Algebra as an Adult

One of my evening’s pleasures is doing Algebra with my daughter. A lot of people don’t know this but I was a Math major before I chose English & Writing. I got up into the rafters of Calculus II before dropping down into the rumpus room of Shakespeare and Hemingway and the sub-floor basement of Kafka, Robeson, and Morrison.

It’s great to be cerebral, to make those brain synapses do some jumping jacks and burpees.

And all those old formulas? They still hold up! Math is good for that: not changing, always right where you left it. The Pythagorean Theorem, the Quadratic Equation, good ol’ Pi equals 3.14159 every time – It’s not up for negotiation. There are no interpreters.

As for the life of a counselor and a dreamer, the “maybe’s and the what-if’s and the could-be’s will always be pregnant with possibilities, which is why I keep them around, but there’s something about crunching through black and white numbers after a day full of grey areas…

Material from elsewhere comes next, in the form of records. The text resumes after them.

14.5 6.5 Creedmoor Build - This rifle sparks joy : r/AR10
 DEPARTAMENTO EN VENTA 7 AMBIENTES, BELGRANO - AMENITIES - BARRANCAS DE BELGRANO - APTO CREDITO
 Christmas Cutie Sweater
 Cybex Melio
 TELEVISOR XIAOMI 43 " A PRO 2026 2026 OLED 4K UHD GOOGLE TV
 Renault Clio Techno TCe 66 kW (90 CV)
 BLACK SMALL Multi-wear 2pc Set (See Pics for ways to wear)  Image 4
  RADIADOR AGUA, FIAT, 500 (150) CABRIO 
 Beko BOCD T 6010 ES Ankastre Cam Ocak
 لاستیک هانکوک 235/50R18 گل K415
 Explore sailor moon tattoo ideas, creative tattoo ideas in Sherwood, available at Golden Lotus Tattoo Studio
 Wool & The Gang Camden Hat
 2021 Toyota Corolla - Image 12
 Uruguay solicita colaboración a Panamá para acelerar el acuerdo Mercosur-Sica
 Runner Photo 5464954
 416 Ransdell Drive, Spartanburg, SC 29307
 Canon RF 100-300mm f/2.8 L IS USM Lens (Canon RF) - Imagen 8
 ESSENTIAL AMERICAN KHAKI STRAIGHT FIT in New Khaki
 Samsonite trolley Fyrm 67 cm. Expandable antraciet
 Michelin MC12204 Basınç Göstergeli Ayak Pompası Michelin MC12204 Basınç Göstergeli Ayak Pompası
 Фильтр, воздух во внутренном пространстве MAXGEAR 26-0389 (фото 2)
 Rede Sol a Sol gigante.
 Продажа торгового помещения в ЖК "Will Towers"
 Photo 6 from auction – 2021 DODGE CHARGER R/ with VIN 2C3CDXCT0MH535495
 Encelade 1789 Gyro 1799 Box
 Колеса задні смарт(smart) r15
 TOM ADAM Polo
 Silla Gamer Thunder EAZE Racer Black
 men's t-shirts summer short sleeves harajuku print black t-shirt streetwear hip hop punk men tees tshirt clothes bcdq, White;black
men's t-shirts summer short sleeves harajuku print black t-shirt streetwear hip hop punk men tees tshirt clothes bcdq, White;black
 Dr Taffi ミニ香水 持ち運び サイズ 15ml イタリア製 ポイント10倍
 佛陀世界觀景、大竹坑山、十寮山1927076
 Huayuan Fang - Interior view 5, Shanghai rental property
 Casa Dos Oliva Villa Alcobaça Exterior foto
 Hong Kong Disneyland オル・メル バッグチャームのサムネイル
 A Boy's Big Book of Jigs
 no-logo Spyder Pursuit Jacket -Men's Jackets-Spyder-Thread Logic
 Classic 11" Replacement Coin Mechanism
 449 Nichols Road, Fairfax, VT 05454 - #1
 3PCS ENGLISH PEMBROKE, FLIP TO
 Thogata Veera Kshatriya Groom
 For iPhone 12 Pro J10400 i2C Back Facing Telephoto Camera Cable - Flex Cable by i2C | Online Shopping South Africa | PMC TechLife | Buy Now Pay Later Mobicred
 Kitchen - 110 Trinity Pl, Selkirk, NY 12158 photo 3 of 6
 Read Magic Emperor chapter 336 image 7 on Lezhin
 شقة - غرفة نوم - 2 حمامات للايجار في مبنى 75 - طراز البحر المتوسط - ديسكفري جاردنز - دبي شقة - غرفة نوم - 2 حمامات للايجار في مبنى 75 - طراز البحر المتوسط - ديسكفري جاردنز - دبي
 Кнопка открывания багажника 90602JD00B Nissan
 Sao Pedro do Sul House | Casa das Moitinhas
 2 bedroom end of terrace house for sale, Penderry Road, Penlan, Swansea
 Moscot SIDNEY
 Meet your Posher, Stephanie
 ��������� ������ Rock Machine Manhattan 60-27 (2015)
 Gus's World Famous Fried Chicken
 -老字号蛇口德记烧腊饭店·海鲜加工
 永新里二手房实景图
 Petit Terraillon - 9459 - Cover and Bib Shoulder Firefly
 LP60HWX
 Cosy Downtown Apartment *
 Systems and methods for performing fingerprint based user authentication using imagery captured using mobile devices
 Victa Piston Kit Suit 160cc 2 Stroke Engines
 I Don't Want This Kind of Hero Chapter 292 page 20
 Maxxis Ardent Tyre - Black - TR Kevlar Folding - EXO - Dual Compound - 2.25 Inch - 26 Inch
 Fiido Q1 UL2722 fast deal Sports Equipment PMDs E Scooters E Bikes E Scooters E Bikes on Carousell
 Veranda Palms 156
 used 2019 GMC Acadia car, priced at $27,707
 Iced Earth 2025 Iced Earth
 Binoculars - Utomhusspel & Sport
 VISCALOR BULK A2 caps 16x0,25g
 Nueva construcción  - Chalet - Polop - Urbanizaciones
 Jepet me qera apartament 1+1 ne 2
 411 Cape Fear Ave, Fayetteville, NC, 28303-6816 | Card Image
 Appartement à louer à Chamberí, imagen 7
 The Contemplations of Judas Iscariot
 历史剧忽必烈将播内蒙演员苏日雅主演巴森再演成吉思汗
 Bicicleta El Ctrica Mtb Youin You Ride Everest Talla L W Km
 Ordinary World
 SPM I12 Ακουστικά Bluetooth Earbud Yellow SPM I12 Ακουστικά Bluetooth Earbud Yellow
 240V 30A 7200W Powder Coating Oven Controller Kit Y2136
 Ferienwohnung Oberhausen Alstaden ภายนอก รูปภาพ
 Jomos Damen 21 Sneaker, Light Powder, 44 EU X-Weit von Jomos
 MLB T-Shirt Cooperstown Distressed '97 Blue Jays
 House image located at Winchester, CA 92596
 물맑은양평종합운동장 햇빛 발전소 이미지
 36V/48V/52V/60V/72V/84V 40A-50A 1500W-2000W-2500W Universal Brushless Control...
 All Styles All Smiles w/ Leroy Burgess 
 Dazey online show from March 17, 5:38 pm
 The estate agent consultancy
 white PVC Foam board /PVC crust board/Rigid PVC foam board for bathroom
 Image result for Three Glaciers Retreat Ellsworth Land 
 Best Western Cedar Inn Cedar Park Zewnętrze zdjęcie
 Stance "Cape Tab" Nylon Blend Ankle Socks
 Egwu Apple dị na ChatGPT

One thing leads to the next and the next and it never changes. And it never throws a curve ball at you. Math, like a reliable great uncle who tells you the same stories with the airy laugh at the end. Math, like a gleaming diamond, whether you understand it or not, it does what it’s supposed to do.

It could be Math, or it could be Gardening or Sodoku or Legos. There’s comfort in rules and routine.

Sometimes you just need to know what comes next.